Nada parecido com os clássicos golpes do passado, com tanques e fardados armados nas ruas, modelito que não compõe o figurino dos autocratas do século 21. Diligentemente, eles minam as estruturas do Estado, lançam dúvidas sobre a seriedade e até a idoneidade delas, espalham mentiras convenientes para se manter no poder. Um receituário que Bolsonaro tem seguido com fervoroso afinco desde o início de seu mandato.
Em seus primeiros movimentos, adulou militares de alta e média patentes com regalias, soldos generosos e cargos. A presença militar em cargos civis no governo Bolsonaro supera 6 mil homens, quase 3 mil deles comissionados – 18,3% dos cargos de livre indicação do governo federal, de acordo com relatório de 2021 do Tribunal de Contas da União.

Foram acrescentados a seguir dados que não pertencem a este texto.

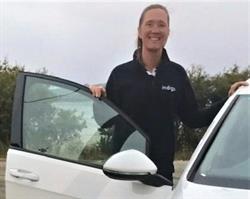 Female Indigo staff member in a polo shirt standing outside and open car door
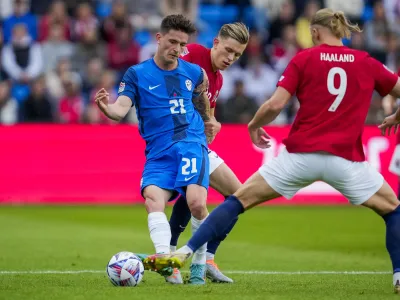 Slovenia's Tomi Horvat, centre, vies for the ball with Norway's Marcus Holmgren Pedersen, background and Erling Braut Haaland, during the Nations League soccer match between Norway and Slovenia at Ullevaal Stadium, in Oslo, Norway, Thursday, June 9, 2022. (Javad Parsa/NTB Scanpix via AP)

Ao mesmo tempo, nomeou gente sem gabarito ou mal intencionada para ministérios como Educação, Saúde e Meio-ambiente, e em cargos de chefia de organizações que primavam pelo rigor técnico. Interveio na Polícia Federal e no Coaf – transferido de endereço quando as investigações do Conselho chegaram perto de seus rebentos -, no Instituto Nacional de Pesquisas Espaciais, no Ibama, nas agências reguladoras… Avançou célere e obstinadamente na destruição do Estado.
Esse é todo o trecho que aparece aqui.